L’attività fisica può essere sostanzialmente di due tipi:
- un’attività aerobica
- un’attività di resistenza e di forza.
Gli effetti dell’attività fisica sulla densità minerale ossea vanno distinti a seconda dell’età; poiché ad esempio nei soggetti prepuberi e nei giovani adulti, solo gli esercizi che comportano un carico scheletrico risultano essere efficaci. Tuttavia non vi sono sufficienti evidenze per raccomandare questi esercizi né in prevenzione primaria , né secondaria. Sebbene in letteratura siano disponibili prevalentemente studi epidemiologici di correlazione tra attività fisica e minor rischio di frattura, sembra giustificata la raccomandazione, almeno nel soggetto anziano, di svolgere quotidianamente un minimo di attività fisica (ad esempio, camminare per più di 30 minuti al die). Questo approccio minimalista all’attività fisica, pur non avendo alcun supporto scientifico di efficacia relativamente ad una sensibile variazione della massa ossea, appare condivisibile per un possibile benefico effetto sulla prevenzione del rischio di cadute.

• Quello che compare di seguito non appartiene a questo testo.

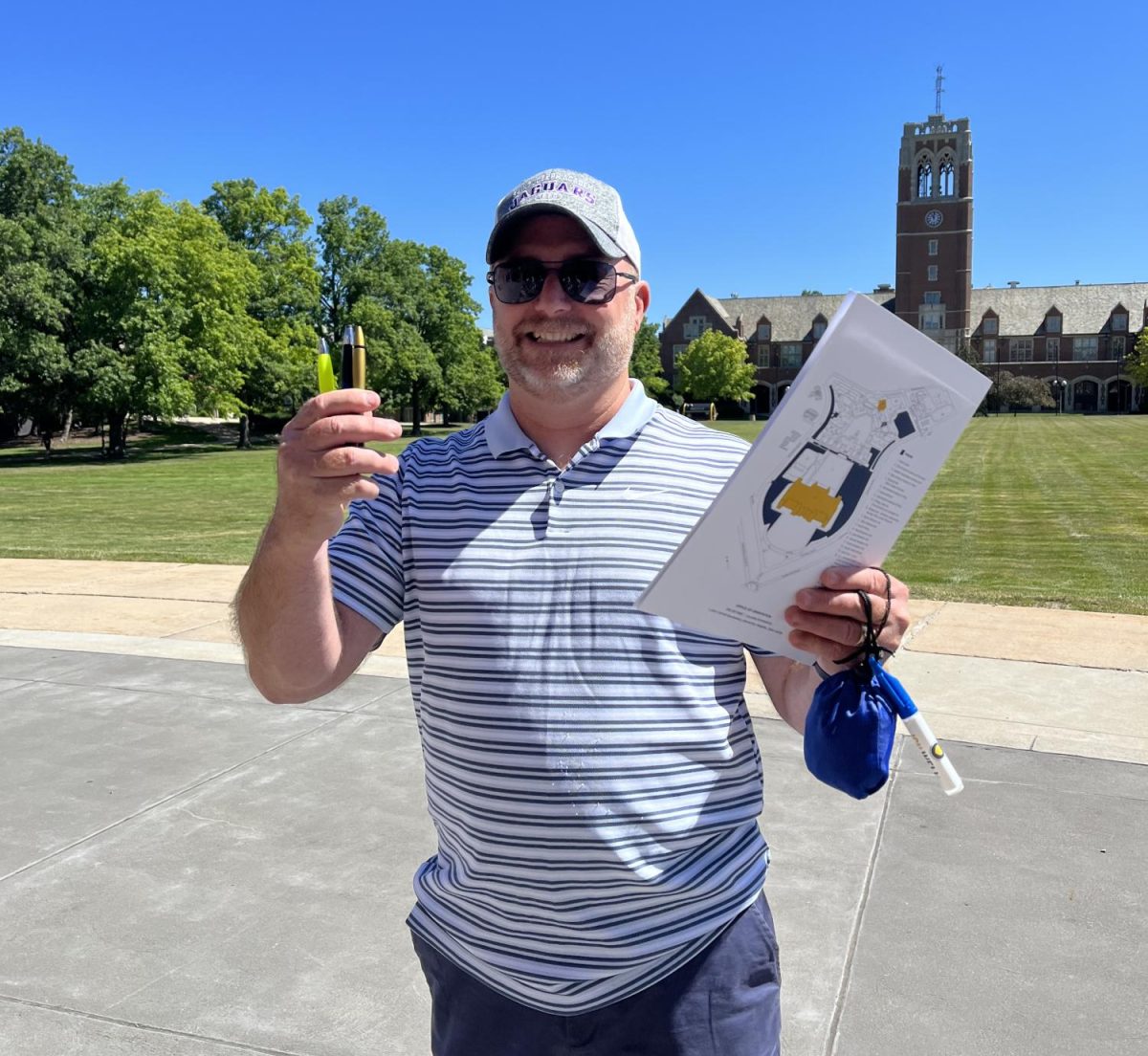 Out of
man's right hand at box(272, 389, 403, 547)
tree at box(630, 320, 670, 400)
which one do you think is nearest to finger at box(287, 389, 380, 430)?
man's right hand at box(272, 389, 403, 547)

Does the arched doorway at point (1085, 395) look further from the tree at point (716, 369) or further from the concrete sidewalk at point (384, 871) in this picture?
the concrete sidewalk at point (384, 871)

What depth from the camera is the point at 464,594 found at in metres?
1.74

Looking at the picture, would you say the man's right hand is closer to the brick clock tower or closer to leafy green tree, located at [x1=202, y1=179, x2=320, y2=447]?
leafy green tree, located at [x1=202, y1=179, x2=320, y2=447]

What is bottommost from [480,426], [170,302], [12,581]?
[12,581]

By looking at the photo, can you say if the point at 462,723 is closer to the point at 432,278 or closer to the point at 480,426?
Answer: the point at 480,426

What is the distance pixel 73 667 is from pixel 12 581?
3.82 metres

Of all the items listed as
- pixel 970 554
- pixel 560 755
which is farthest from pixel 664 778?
pixel 970 554

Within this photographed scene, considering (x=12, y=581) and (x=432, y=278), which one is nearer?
(x=12, y=581)

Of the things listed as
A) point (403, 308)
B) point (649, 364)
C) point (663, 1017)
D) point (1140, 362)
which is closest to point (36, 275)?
point (403, 308)

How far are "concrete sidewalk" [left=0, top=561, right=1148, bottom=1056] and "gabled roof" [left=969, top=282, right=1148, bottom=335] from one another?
92396mm

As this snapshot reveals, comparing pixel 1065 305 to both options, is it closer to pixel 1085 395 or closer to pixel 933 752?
pixel 1085 395

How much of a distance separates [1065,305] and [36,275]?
82.4 meters

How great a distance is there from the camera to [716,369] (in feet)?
275

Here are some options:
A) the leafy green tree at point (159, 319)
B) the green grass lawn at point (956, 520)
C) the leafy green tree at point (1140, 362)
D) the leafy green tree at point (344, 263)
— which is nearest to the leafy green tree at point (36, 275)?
the leafy green tree at point (159, 319) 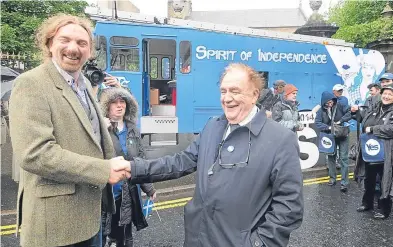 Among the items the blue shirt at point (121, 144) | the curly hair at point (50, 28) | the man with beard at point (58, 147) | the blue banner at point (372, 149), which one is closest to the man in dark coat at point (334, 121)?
the blue banner at point (372, 149)

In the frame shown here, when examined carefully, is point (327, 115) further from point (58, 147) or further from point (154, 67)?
point (58, 147)

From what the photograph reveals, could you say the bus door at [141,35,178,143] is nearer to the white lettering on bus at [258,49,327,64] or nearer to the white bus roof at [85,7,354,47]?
the white bus roof at [85,7,354,47]

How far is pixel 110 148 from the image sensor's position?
220 cm

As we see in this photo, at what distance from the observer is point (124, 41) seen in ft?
29.8

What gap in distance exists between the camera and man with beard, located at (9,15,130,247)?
1.73 metres

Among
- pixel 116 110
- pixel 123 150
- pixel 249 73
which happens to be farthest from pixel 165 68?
pixel 249 73

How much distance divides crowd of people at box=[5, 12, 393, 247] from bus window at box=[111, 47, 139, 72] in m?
7.11

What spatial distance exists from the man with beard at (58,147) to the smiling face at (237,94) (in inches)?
28.0

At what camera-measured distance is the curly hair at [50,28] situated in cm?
193

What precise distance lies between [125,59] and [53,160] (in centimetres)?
779

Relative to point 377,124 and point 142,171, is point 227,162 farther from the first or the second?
point 377,124

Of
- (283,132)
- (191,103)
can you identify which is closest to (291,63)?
(191,103)

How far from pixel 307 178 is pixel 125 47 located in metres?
5.32

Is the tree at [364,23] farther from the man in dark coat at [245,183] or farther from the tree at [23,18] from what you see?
the man in dark coat at [245,183] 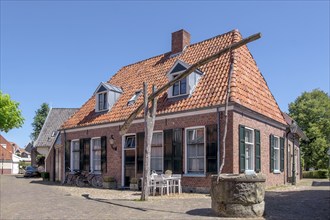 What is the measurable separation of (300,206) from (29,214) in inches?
304

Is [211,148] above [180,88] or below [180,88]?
below

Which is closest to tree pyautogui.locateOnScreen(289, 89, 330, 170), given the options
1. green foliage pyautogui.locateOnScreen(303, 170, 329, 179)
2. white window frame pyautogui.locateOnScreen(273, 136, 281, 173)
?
green foliage pyautogui.locateOnScreen(303, 170, 329, 179)

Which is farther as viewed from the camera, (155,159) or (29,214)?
(155,159)

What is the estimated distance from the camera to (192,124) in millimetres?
15750

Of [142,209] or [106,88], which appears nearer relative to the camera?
[142,209]

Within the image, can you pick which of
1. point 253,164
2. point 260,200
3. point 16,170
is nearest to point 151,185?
point 253,164

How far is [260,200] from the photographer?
29.2ft

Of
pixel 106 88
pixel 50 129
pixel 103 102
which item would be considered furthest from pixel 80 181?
pixel 50 129

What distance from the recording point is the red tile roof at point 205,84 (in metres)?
15.8

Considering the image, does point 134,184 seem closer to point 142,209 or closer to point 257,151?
point 257,151

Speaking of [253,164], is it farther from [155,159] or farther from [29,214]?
[29,214]

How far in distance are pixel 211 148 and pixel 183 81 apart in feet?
12.3

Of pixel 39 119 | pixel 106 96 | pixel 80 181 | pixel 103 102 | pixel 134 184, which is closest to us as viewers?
pixel 134 184

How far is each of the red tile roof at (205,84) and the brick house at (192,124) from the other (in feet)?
0.19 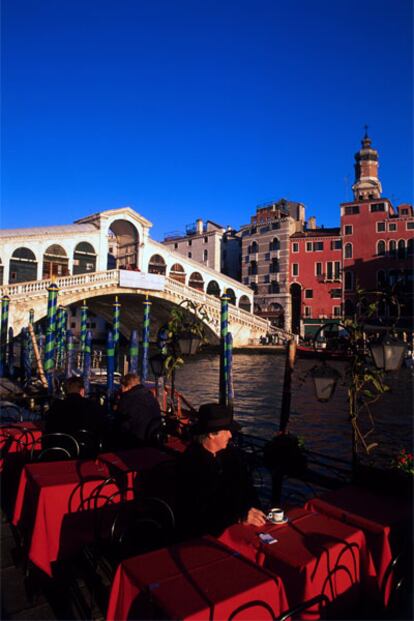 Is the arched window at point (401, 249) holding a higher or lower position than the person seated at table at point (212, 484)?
higher

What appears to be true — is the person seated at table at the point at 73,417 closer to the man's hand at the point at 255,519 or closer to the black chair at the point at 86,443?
the black chair at the point at 86,443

Anche l’osservazione delle norme orientate ad ottenere un migliore controllo posturale rappresenta un aspetto da non sottovalutare. Infatti, è importante educare il soggetto con osteoporosi ad evitare posizioni o movimenti che potrebbero risultare pericolosi per il rachide aumentando il rischio di una frattura vertebrale. Le posture ed i movimenti da evitare sono prevalentemente quelli che comportano le flessioni della colonna dorso-lombare, il sollevamento di oggetti pesanti oltre il bacino, e lo spostamento degli stessi con il tronco sbilanciato in avanti, effettuando contemporaneamente una torsione del tronco. Parimenti sono da sconsigliare il mantenimento protratto di posture estreme della colonna vertebrale.
In conclusione possiamo affermare che, secondo la letteratura internazionale, le attività fisiche ripetitive ad alto impatto e di resistenza, effettuate durante l’età prepuberale, sembrano essere importanti nel determinismo di un futuro “ Peak Bone Mass” e “Bone Strength”. L’attività fisica continuata durante l’adolescenza e nell’età adulta aiuta a mantenere questo precoce incremento del “Peak Bone Mass”, mentre per quanto concerne l’esercizio fisico ( EF), eseguito in età tardi, permangono ancora dubbi sulla sua reale efficacia nell’ottenere ulteriori incrementi della massa ossea. E’ stato comunque dimostrato che l’EF può consentire un miglioramento dell’equilibrio e del tonotrofismo muscolare, utili a ridurre il rischio di cadute e la conseguente incidenza di fratture. Infatti, l’ attività fisica , corredata da una adeguata terapia farmacologica, e una dieta equilibrata viene spesso consigliata nella prevenzione e nel trattamento dell’osteoporosi.
TAB I
FATTORI DI RISCHIO DELL’OSTEOPOROSI E DELLE FRATTURE SPONTANEE
POTENZIALMENTE MODIFICABILI
- Alimentazione sbilanciata con carenza di calcio, proteine vitamina C e vitamina D
- Peso corporeo inferiore alla norma
- Malattie reumatiche ( artrite reumatoide, lupus …)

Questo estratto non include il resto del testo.